Random thought about the Marine-shooting-the-terrorist controversy: Does anyone remember one of the subplots of the WWII movie Saving Private Ryan?
I do. If you recall, the task force sent to find Private Ryan captures a surrendering German soldier. Most of the group want to shoot him, but the translator says “no” and begs Captain Miller to let the German go, which he does. Later on, the same German soldier ends up rejoining the Wehrmacht and killing Captain Miller. (The translator kills the German this time, though he is, again, surrendering.)
Was this a depiction of a war crime? Probably. However, I remember everyone in the theater shouting, “Hell, yeah!” or thereabouts.
What’s changed? Here's what: it’s okay for folks to live vicariously through celluloid warriors, but when real ones make tough decisions—not totally out of revenge, as in the movie, but for practical and situational purposes—it’s a little too tough for the squeamish to take. By the way, if you *are* squeamish, you might not want to know what the real-life military man went through to get him to the point in which he found himself on that fateful day in the Fallujah “mosque.”
Note to MSM: the marine did not shoot a prisoner!
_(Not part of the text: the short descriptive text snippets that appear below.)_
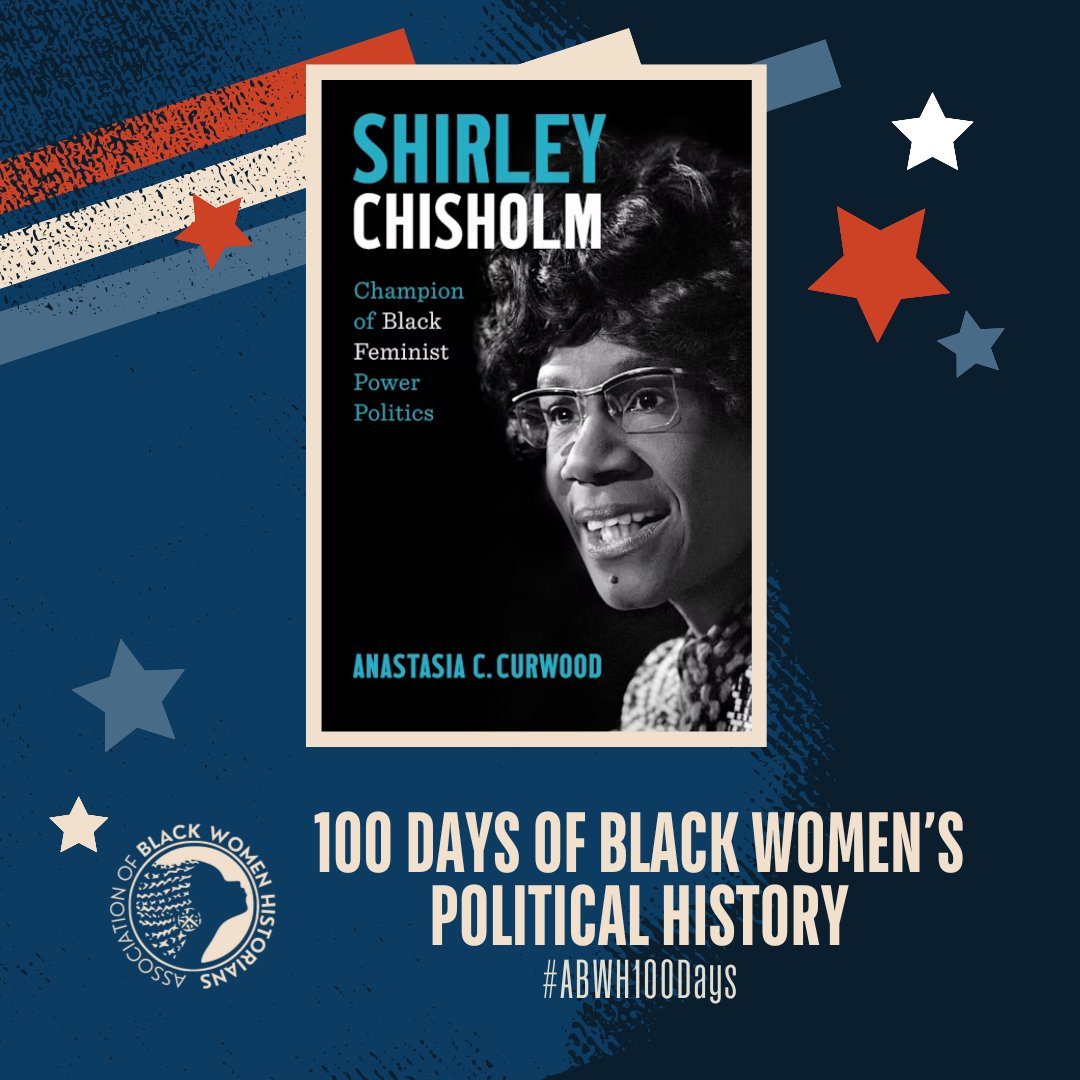 ABWH Truth (@abwhtruth) on Twitter photo For 100 days, @abwhtruth will feature works by our members that explore aspects of Black women’s political history and culture. #ABWH100Days
Day 1: <a href="/CurwoodA/">Anastasia Curwood</a>, Shirley Chisholm: Champion of Black Feminist Power Politics
anastasiacurwood.wordpress.com For 100 days, @abwhtruth will feature works by our members that explore aspects of Black women’s political history and culture. #ABWH100Days
Day 1: <a href="/CurwoodA/">Anastasia Curwood</a>, Shirley Chisholm: Champion of Black Feminist Power Politics
anastasiacurwood.wordpress.com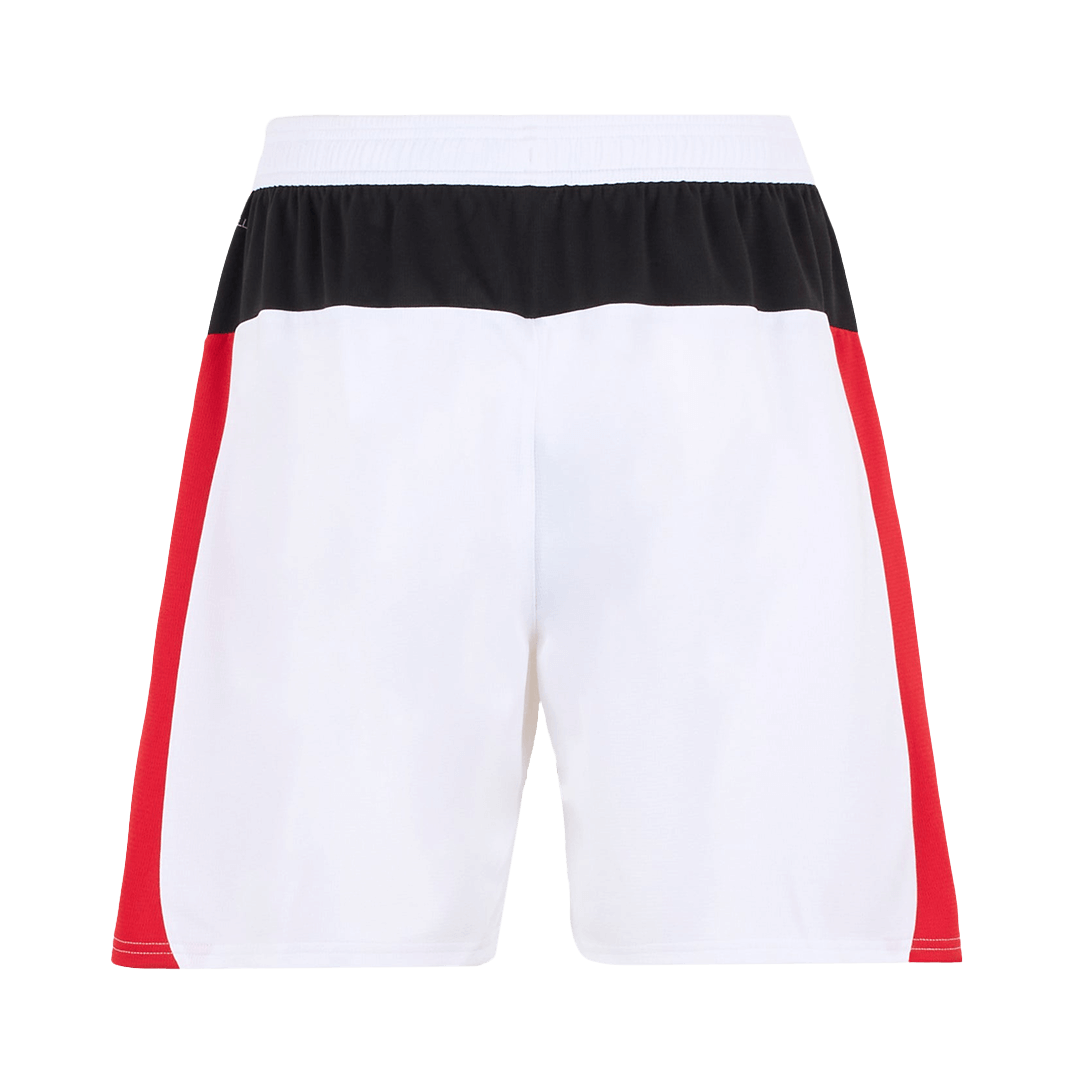 AC Milan Mens Away Soccer Shorts 2025/26 White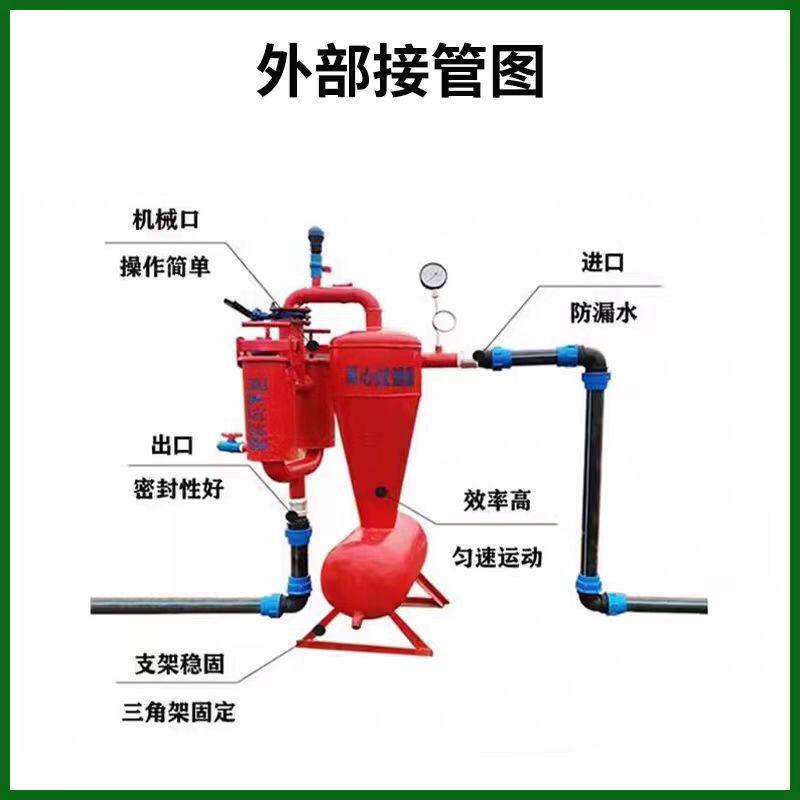 离心过滤器高标准农田灌溉双网式水肥一体全套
UPDATE: Holy Moly! A Corner- and an Instalanche! Welcome, but know that there is some dispute as to how the pertinent scenes in Saving Private Ryan occurred. After some personal fact-checking, there will be an update to the original post, one way or the other.
Additionally, according to some interpretations of the Geneva Convention, the "insurgents" in the room *were* prisoners because they were presumably unarmed. I think, however, that an injured enemy who has shown a willingness to blow himself up and take his foes with him does not fall into the unarmed category. This, of course, is where the real and the practical overrule the technical.